Swiss defence procurement agency Armasuisse has received bids for the replacement of its ageing fighter jet fleet from five major companies.
The bids were submitted by Airbus, French firm Dassault and Sweden’s Saab, as well as US-based companies Boeing and Lockheed Martin.
Switzerland will choose from among Airbus’s Eurofighter, Boeing’s F/A-18 Super Hornet, Dassault’s Rafale, F-35As made by Lockheed-Martin and Saab’s Gripen E.
The selected aircraft will replace its fighter fleet of Boeing McDonnell Douglas F/A-18C and D Hornets and Northrop F-5 Tigers due to retire in the coming years.

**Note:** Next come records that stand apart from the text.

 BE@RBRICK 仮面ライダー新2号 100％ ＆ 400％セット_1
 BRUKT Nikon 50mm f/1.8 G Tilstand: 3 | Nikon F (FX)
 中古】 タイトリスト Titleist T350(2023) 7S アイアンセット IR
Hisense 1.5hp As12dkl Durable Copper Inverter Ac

The government is planning to acquire new jets as part of its Air2030 programme, including aircraft and ground-based air defences expected to cost up to Sfr8bn ($8.06bn).

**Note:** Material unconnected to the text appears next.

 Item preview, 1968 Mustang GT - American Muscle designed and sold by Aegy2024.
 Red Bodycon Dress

The Swiss Defence Department was quoted by Reuters as saying that the analysis and testing phase starts ‘from February to March 2019’ when ‘specialists from Armasuisse and the Swiss Air Force will test the aircraft in simulators’ at the facilities of the aircraft manufacturers.
Prior to a final decision, the competing aircraft will be put through aerial and ground tests between April and July, and assessments through 2020.
The government is expecting the delivery of the new aircraft to be completed by 2025.
Armasuisse issued a request for proposal in July and has sought for a price quote for the delivery of 30 or 40 planes, including logistics and guided missiles from bidders.
Along with Gripen E, Saab offered Swiss industrial participation worth 100% of the contract value in manufacturing, maintenance and technology.
Saab aeronautics head Jonas Hjelm said: “The proposed Gripen E solution features the latest available technology and low acquisition, operation and support costs that will give Switzerland an optimal fleet size, with the best total operational effect over the coming decades.”